Your instructions:
Take the entries that follow and return only the lines from the one with "Apartamento 50m De" through the final line, leaving every picture behind.
-- Data extracts follows --
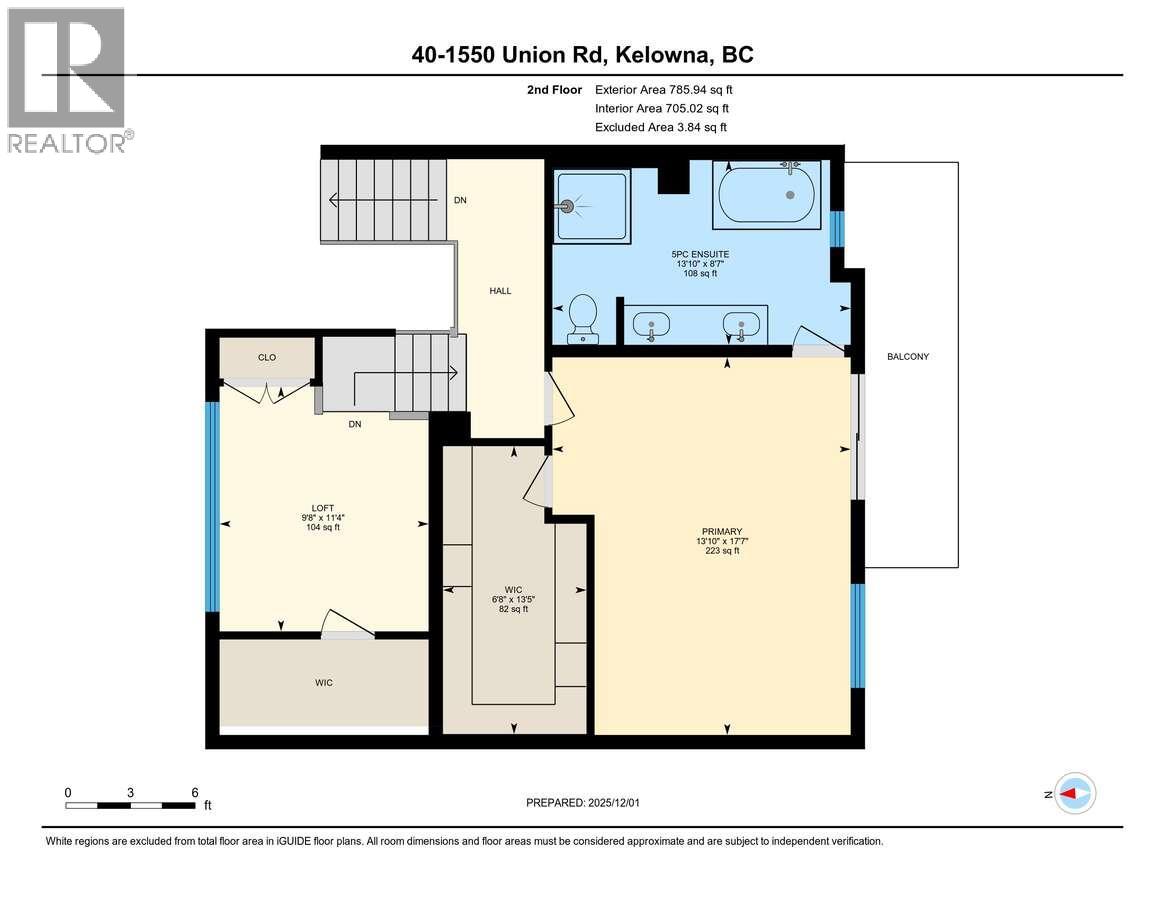 1550 Union Road Unit# 40, Kelowna, British Columbia  V1V 0G9 - Photo 49 - 10369040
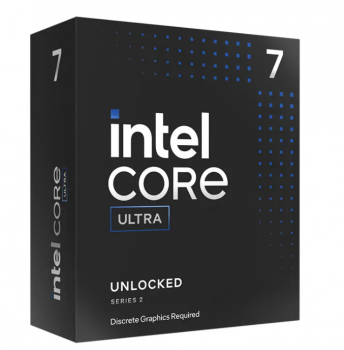 INTEL CORE ULTRA 7 265KF 3.9 GHZ-5.5 GHZ 30MB TRAY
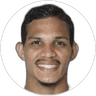 Guilherme Joao, Forward for Académico de Viseu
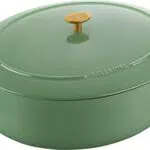 BALLARINI Bellamonte Auflaufform, Bräter, Dutch Oven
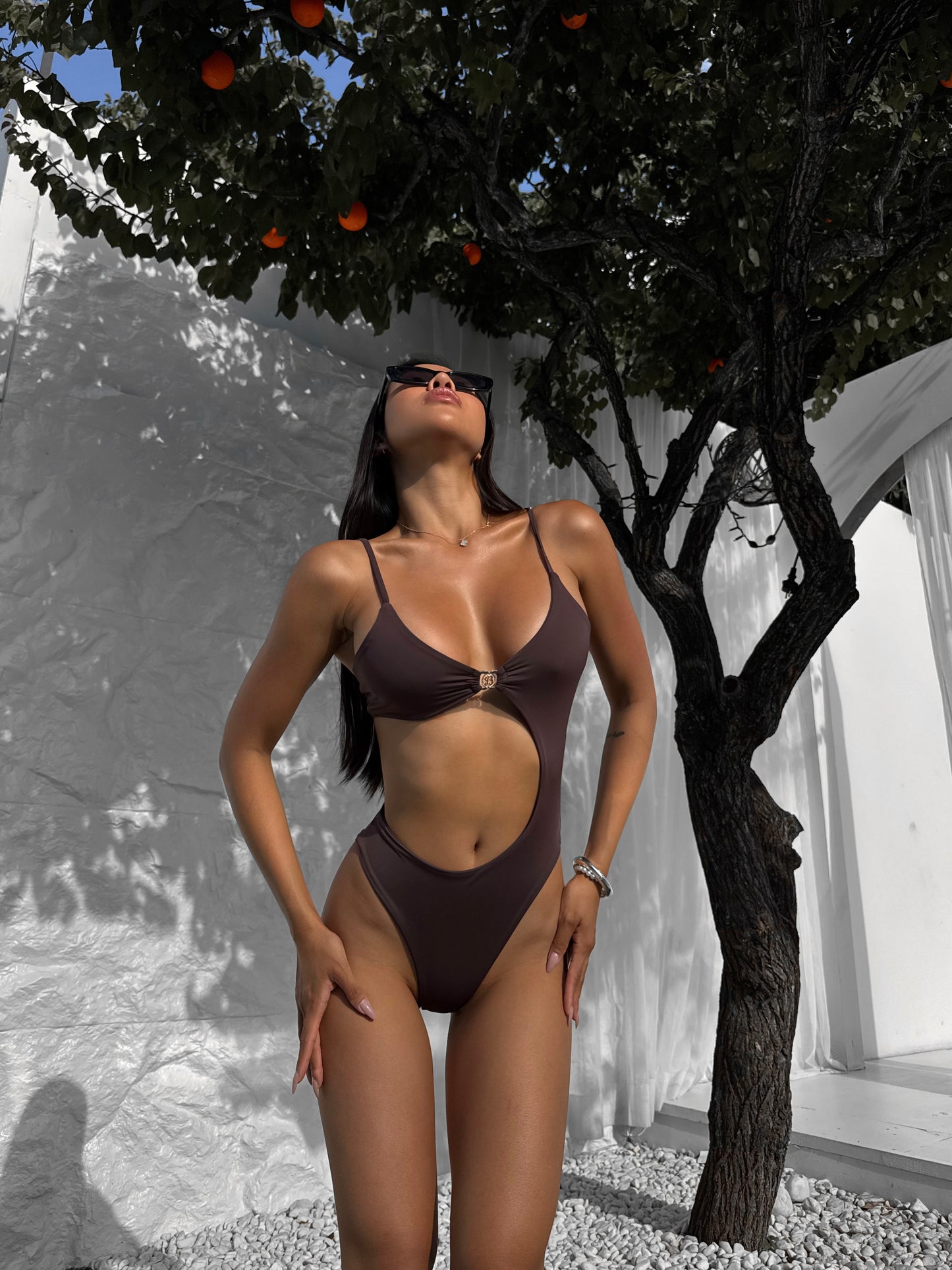 Купальник "Coral"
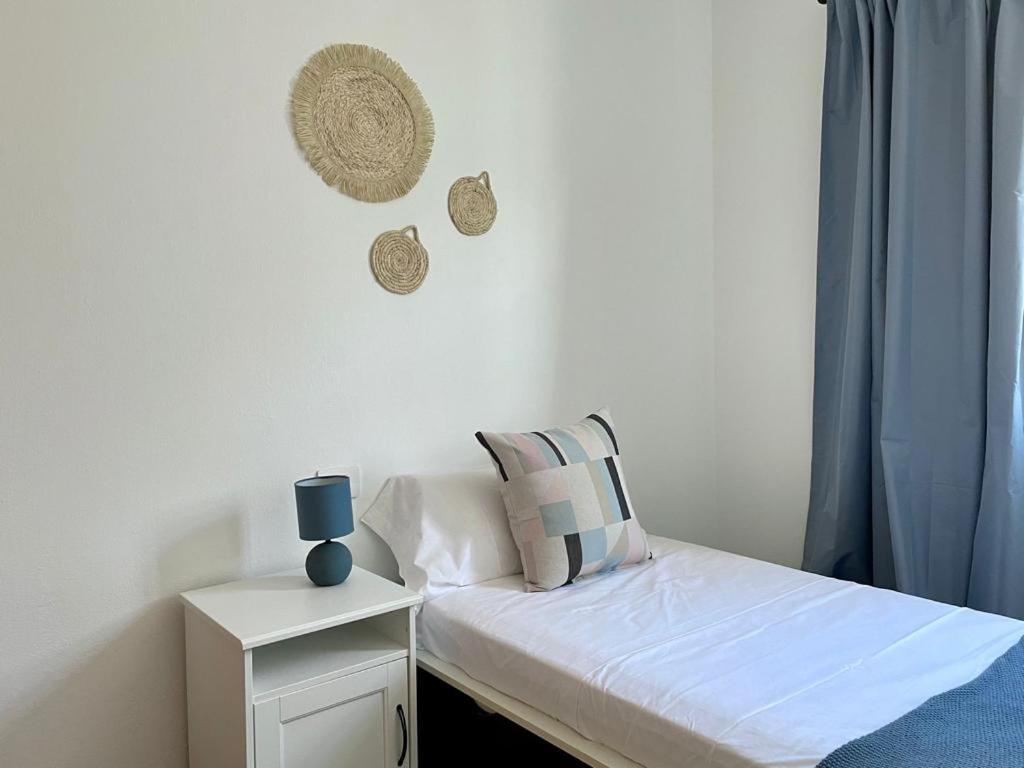 O Sole Mio En Playa Honda Apartment ปลายาออนดา ภายนอก รูปภาพ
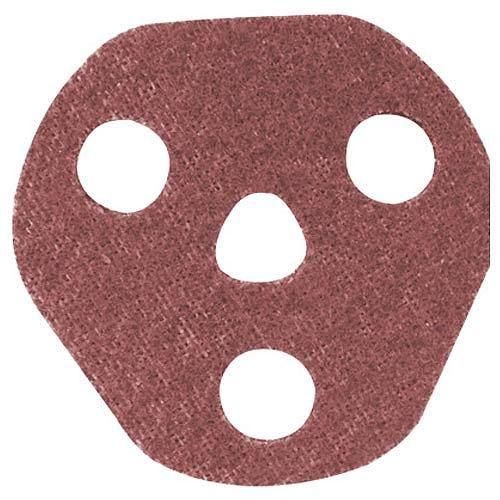 Disco de lixa de fibra 50,8 mm - SPEED LOK TR BEAR-TEX Disco de lixa de fibra 50,8 mm - SPEED LOK TR BEAR-TEX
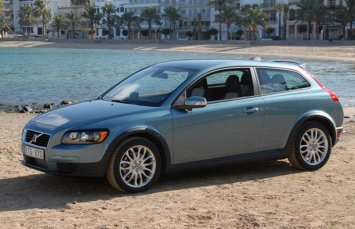 Volvo C30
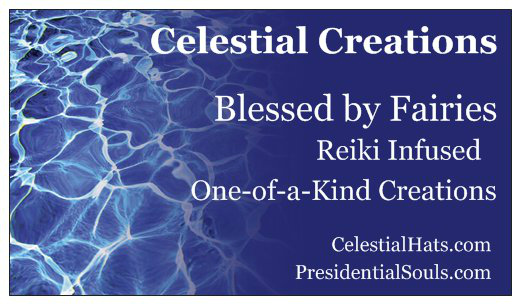Celestial Creations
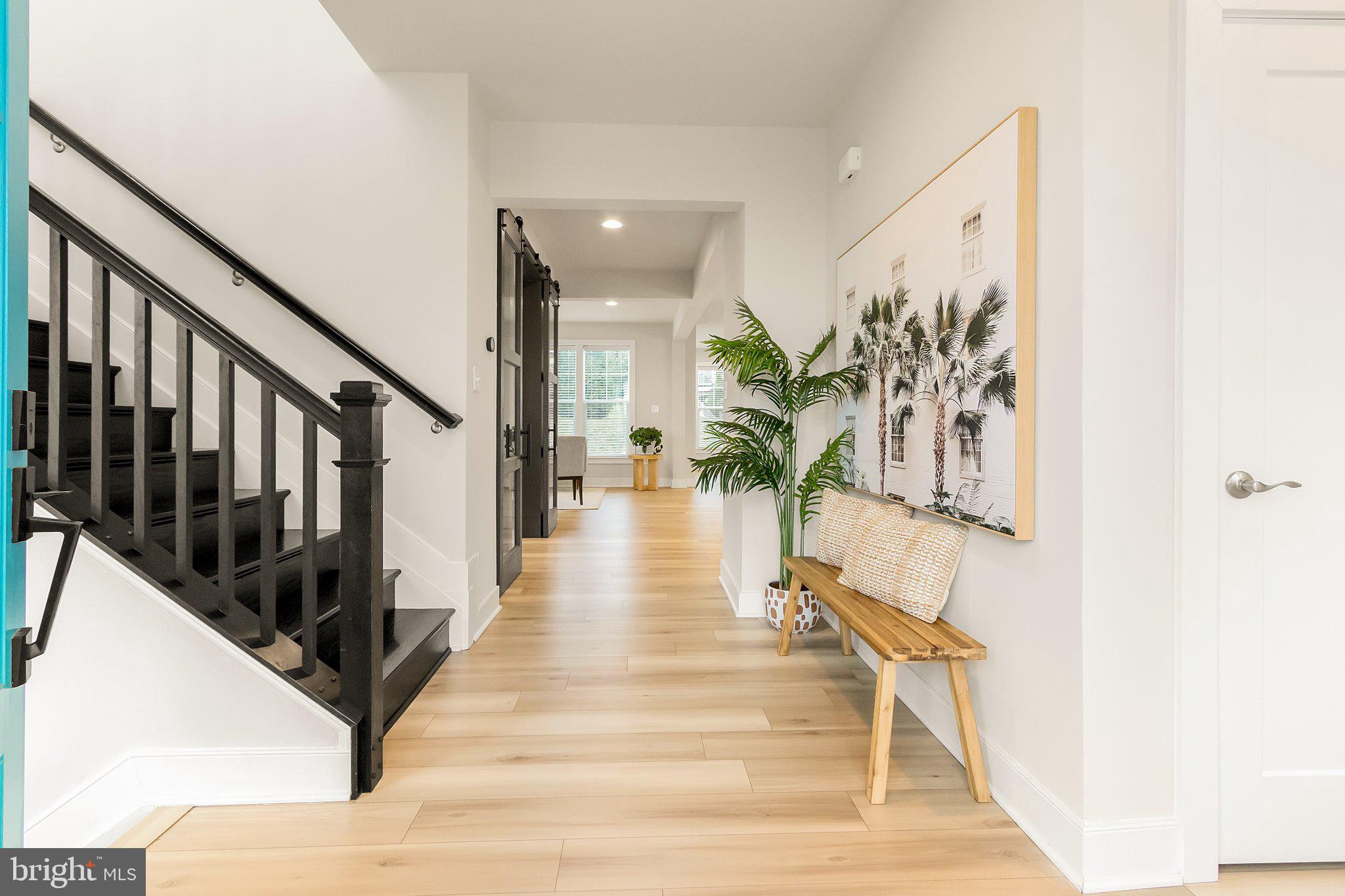 21 Ella Washington Ct.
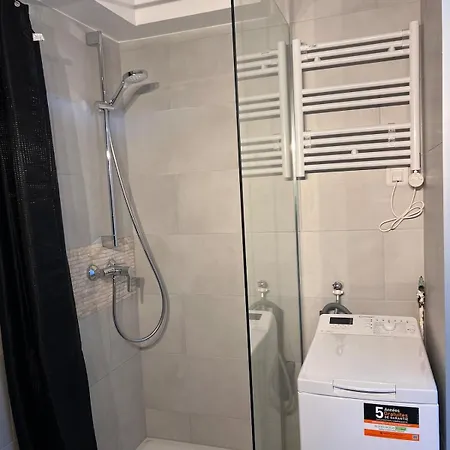 Apartamento 50m De Gare De St-louis Saint-Louis (Haut-Rhin)
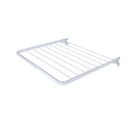 Varal Modular 60x50 para Trilho Branco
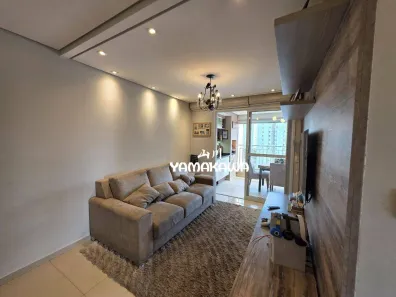 Apartamento com 3 Quartos à venda, 88m² no Alto da Mooca, São Paulo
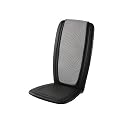 Homedics Therapist Select DOUBLE Shiatsu Massaging Cushion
-- Data extracts concluded --
Result:
 Apartamento 50m De Gare De St-louis Saint-Louis (Haut-Rhin)
 Varal Modular 60x50 para Trilho Branco
 Apartamento com 3 Quartos à venda, 88m² no Alto da Mooca, São Paulo
 Homedics Therapist Select DOUBLE Shiatsu Massaging Cushion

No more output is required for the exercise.